My thoughts/suggestion here is to achieve integration along the lines of one of the approaches outlined below.

Explicit Integration

This approach involves adding more options, in terms of specific features of PSFramework that the module maker wishes to implement. For example, providing the options to incorporate configurations, classes, protected commands, and logging, while excluding other features. In this scenario, required component elements would be copied to the target module as private component elements that would load as native to the module, perhaps as internal cmdlets. To reduce complexity for the user, the build process could also institute checks for PSF command calls for features that weren't included initially, and offer the option to update the module to add the required bits.

Pros:

Cons:

Implicit Integration

This approach could be achieved by implementing a sort of 'plugin' type approach, in similar manner to that used by ModuleBuild. In this scenario, the entire PSFramework module can semi-easily be incorporated into the main module as a single package as sort of an additional set of "private" cmdlets by only loading the plugin within module scope. I've attempted this approach in the past with ok results, though there are some loading challenges that would need to be worked through.

Pros:

Cons:

You could also, in theory, sort of combine the two approaches. In that scenario, you'd probably want to separate the main module into discrete feature sets that get copied to the Plugins location set by the template. You'd also likely want to incorporate some elements by default. There are lots of quality of life things that would make sense to include in every build, such as the protected command functionality.

FriedrichWeinmann commented 1 month ago

Heya @merddyin , thanks for the quite thorough feedback and thought spent on this! This discussion has come up repeatedly through the years (especially at the conferences I usually hang out), and I don't think this is ever going to end. Not a bad thing either, as it shows, that people are interested in the toolkit, so I much appreciate it. I also get the opposite feedback, where people are happy about having one dependency handle all their needs (and don't care about the extras it offers that they don't use).
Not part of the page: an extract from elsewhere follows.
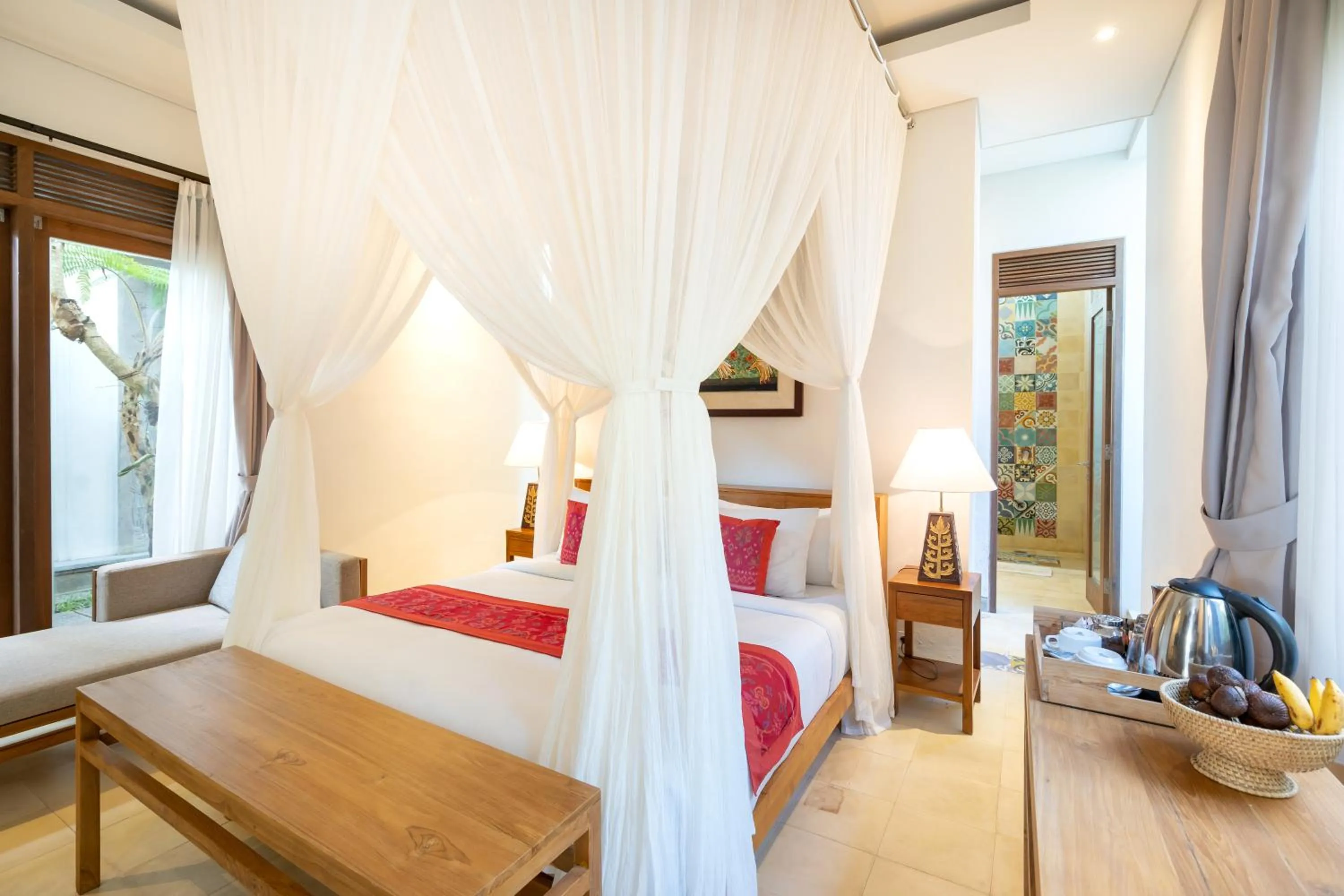 Bedroom, Bed in Prabhu Ubud Villa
I've put together my conceptualization on module types at the beginning of this year's conference talk on templating and module mass production. Summarizing: PSFramework is basically most of my Framework stack, splitting it up into components is against its design.

From a technical perspective, it is not designed to be split up, and other than some of the less integrated extra features that do not make up much of its code, they all tie into each other - logging uses configuration, configuration uses messages, messages use logging, messages use configuration, configuration uses debug, messaging uses debug, tab completion uses messages, tab completion uses debug, configuration uses tab completion, ... Trying to meaningfully break it down would be an incredible effort and a lot more fragile. It's an effort I cannot deliver on, even if I agreed with the approach.

Nesting components internally has further risk of invisible collisions between different consuming code parts and I shudder at the support impact that would cause. Could it be done? Possibly. The complexity required would make this a full-time effort I am very, very far from being able to commit to, sorry.

In the meantime, internal module deployment to offline environments can be simplified using an internal PSGallery, which you can even host in a file-share. This would allow you to run install-module from that offline computers and solve the package management requirement. It would also allow you to integrate internal code-signing before re-distributing approved modules. Here's some docs describing that

On October, 15th, there is an online mini-conference from the PSConfEU team - this may be for you, as Sydney Smith will talk on that very topic and what's the current state, including the new versions of packagemanagement. If you can distribute PS7 internally, your offline machine will have the new tools available out of the box - though I can understand if that is not possible for you from an organizational perspective (native PS7 integration with OS is a common issue requested and discussed).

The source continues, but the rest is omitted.